# "______ quoted JamesonCourage in post Hidden"



## JamesonCourage (Feb 21, 2014)

Any idea what this means? Was I quoted into a private group or something?


----------



## Nagol (Feb 21, 2014)

It is possible the post where you were quoted was snatched away by moderators as inappropriate.  They apparently have a hidden forum to move potentially problematic stuff to for internal discussion prior to deletion.


----------



## Umbran (Feb 21, 2014)

Nagol - no, that's not how it works.  We do have a separate forum for discussion, but we don't snatch up posts and carry them away.  Whatever that notification was, it wasn't that.

(I now have the image of us as flying monkeys, picking up the Sacrecrow.  Great.)


----------



## Darkness (Feb 21, 2014)

Hm, strange.

Did it display the name or did it really just say "______?"

Either way, could it be a quote by someone on your ignore list?


----------



## JamesonCourage (Feb 21, 2014)

"06:50 PM - Plaguescarred quoted JamesonCourage in post _Hidden_"

I have no problems with this user, and I have nobody on my ignore list. I just didn't want to look like I was calling anyone out. Any ideas?


----------



## Umbran (Feb 21, 2014)

Hr.  Looks like a flat out error.  My search reveals no posts by him with such a timestamp in the past week.


----------



## JamesonCourage (Feb 21, 2014)

Umbran said:


> Hr.  Looks like a flat out error.  My search reveals no posts by him with such a timestamp in the past week.

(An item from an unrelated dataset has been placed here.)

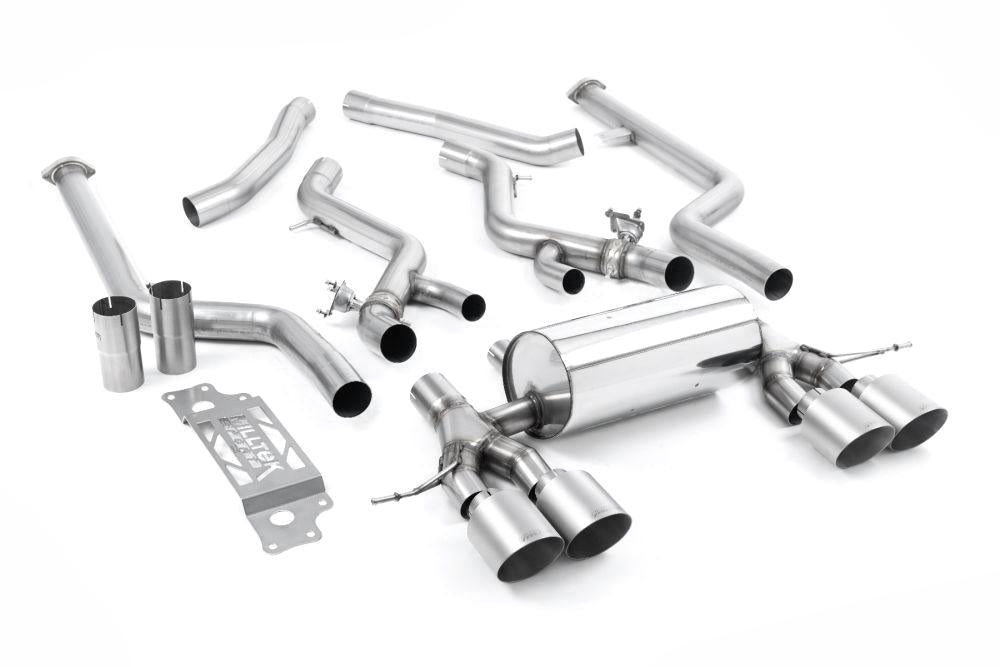 Milltek Non-Resonated Cat-Back Systems (Removes Secondary Cats) with GT-115 Tips for BMW G87 M2 Coupe 2023+-Exhaust-Silicon Valley Bimmer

Weird, but thanks for looking it up for me 

I also didn't get a notification for it. Someone else had replied ten minutes earlier, but it listed his "reply" as well. Just made me curious.


----------



## Olgar Shiverstone (Feb 25, 2014)

FYI, this error (?) just popped up for me in a notification, going the other way: "JamesonCourage quoted Olgar Shiverstone in post _Hidden_".


----------



## JamesonCourage (Feb 27, 2014)

Olgar Shiverstone said:


> FYI, this error (?) just popped up for me in a notification, going the other way: "JamesonCourage quoted Olgar Shiverstone in post _Hidden_".



Weird. I wonder if it's tied to my account. Though I like your sig, I didn't quote you.


----------